Le plus gros changement et non des moindres s’est opéré du côté du end-game qui est énorme, nouvelles missions dont les invasions, une map qui devient dynamique avec des attaques qui surgissent de n’importe où, enfin, je ne vous en dis pas plus car pour moi c’est LA bonne surprise de ce Division 2!  En gros pour faire simple, une fois niveau 30 et l’histoire finie (3 forteresses inclues) vous débloquez le monde en Tier 1.  En plus d’une difficulté plus élevée et l’apparition du GearScore, on a droit à une petite nouvelle histoire. Ça permet de scénariser un peu plus le fait de recommencer des missions.  Le Tier 5 arrivera début avril avec une grosse mise à jour, c’est vraiment à partir de ce moment-là que le vrai combat va commencer 😉 .

   

Graphiquement, The Division 2 est juste magnifique!  Le fait de se retrouver au printemps au lieu de l’hiver change sans avoir l’air de rien, énormément de choses, on sent que la nature reprend ses droits et on découvre un monde post-apo qui rappelle clairement le film je suis une légende ou the last of us.  Comme pour New-York, on retrouve une tonne de détails dans ce Washington dévasté, et qui plus est, modélisé à l’échelle 1:1, une belle prouesse qui nous offre un soucis du détail comme les studios Ubisoft savent maîtriser.  Flâner et visiter cette ville n’a jamais été aussi agréable dans un jeu vidéo, il n’est d’ailleurs pas rare que je m’arrête devant un monument.  Côté technique, les textures sont superbes même si parfois elles mettent du temps à charger.

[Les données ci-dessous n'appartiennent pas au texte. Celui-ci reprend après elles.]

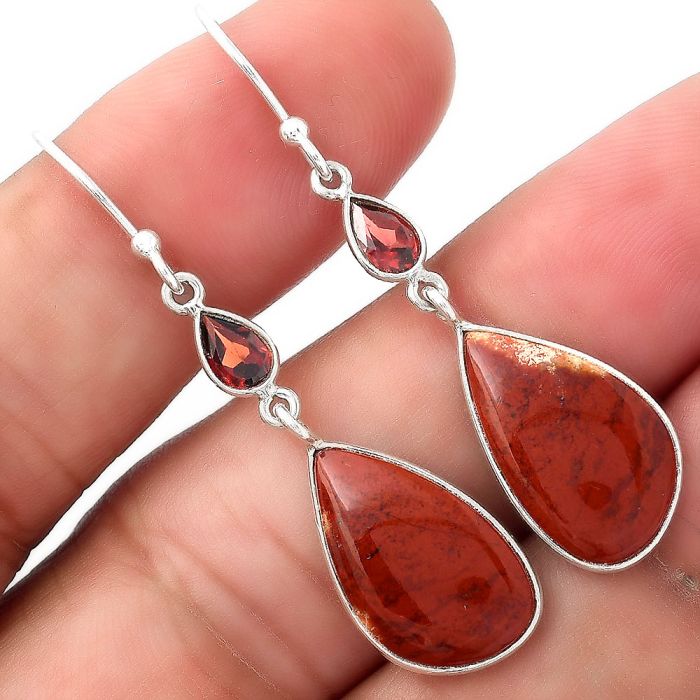 Natural Red Moss Agate & Garnet Earrings SDE53761 E-1002, 10x18 mm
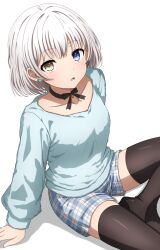 Rule 34 | 1girl, absurdres, arms at sides, bang dream!, bang dream! it&#039;s mygo!!!!!, black bow, black bowtie, black choker, black footwear, blue eyes, blue shorts, blue sweater, boots, bow, bow choker, bowtie, breasts, choker, collarbone, commentary, earrings, from above, heterochromia, highres, indian style, jewelry, kaname raana, knees out of frame, light blush, long sleeves, looking at viewer, looking up, medium breasts, medium hair, noshimurin, official alternate costume, parted lips, plaid, plaid shorts, shadow, shorts, simple background, sitting, solo, stud earrings, sweater, thigh boots, white background, white hair, yellow eyes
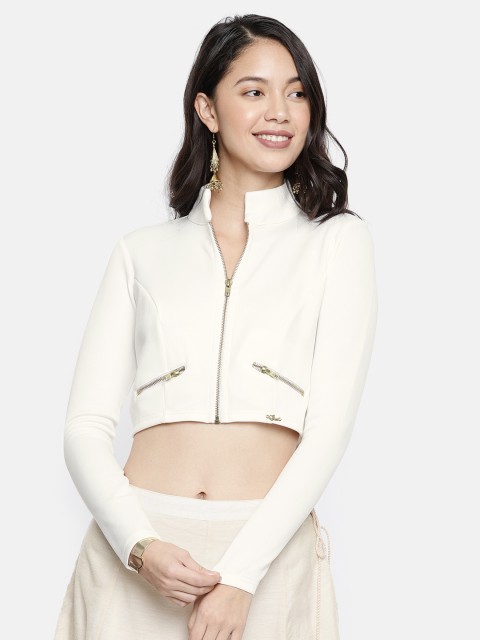 

Ira Soleil Women White Solid Crop Jacket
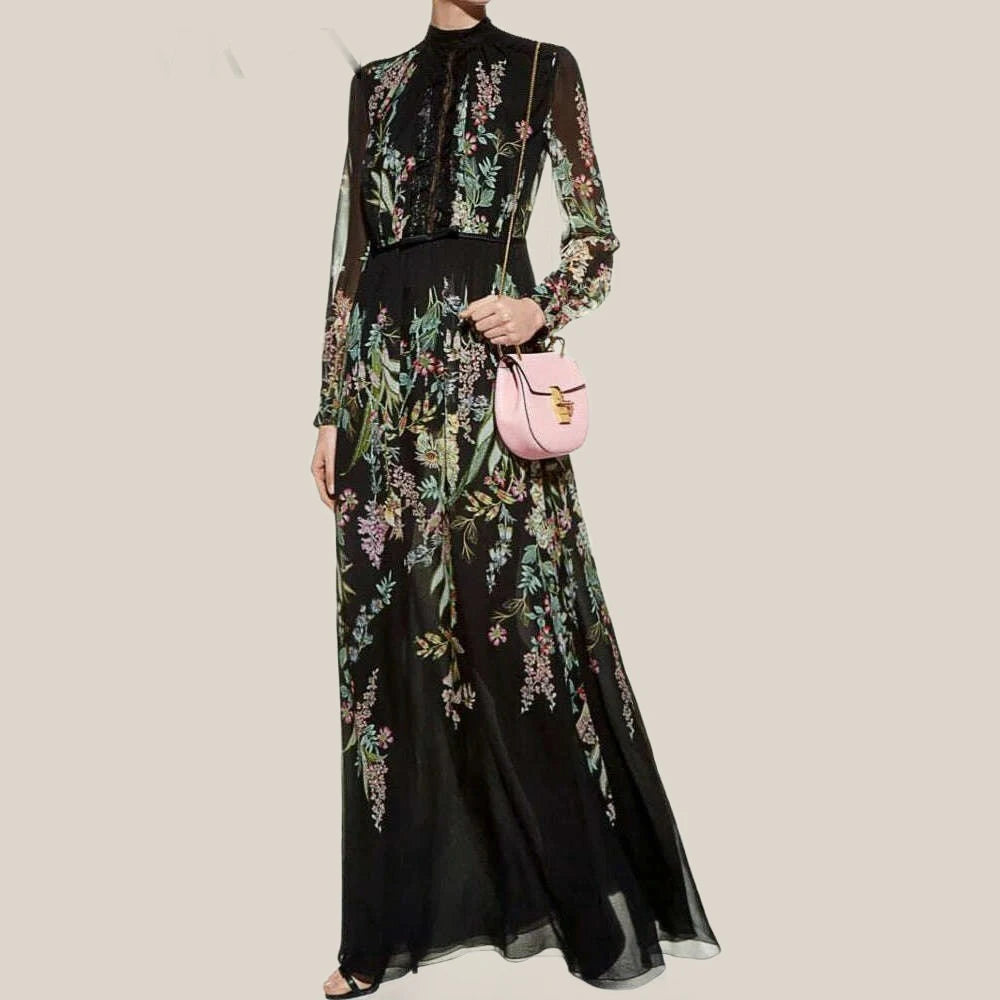 VKBN Summer formal occasion Dresses Women Black Printing Lantern Sleeve High Waist Party Maxi Dress Female Elegant Stylish A-Line Maxi Dress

Seul soucis technique, un petit problème dans la gestion de la luminosité, il fait parfois vraiment trop sombre dans certaines zones à un tel point qu’on ne voit pas qu’on est bloqué par un petit objet au sol.  Ce n’est pas trop handicapant, mais c’est assez dommage car la gestion des lumières en extérieur est vraiment superbe.

Les musiques sont plutôt bonnes, très peu présentes, elles accompagnent généralement les grosses phases de combat.  Les doublages en vf sont  plutôt bons même si comme souvent en ce moment, notre Héros est muet.  Les bruitages quant à eux sont très agréables et on retrouve de belles sensations lors des gros combats.

 

En conclusion, je ne vais pas trop me répéter, mais je pense que si comme moi vous avez adoré le premier, vous devriez trouver dans The Division 2 votre bonheur!  Pour ceux qui d’ailleurs ont suivi l’avancée du premier opus, dans cette suite vous aurez pratiquement autant de contenus à sa sortie que The Division 1 après 2 ans de vie.  Autant vous dire que c’est du costaud.  Ubisoft ayant engendré une belle expérience avec le premier opus, ici tout a été repensé, les compétences, les armes, les talents bonus sur les équipements, tout a été revu pour notre plaisir.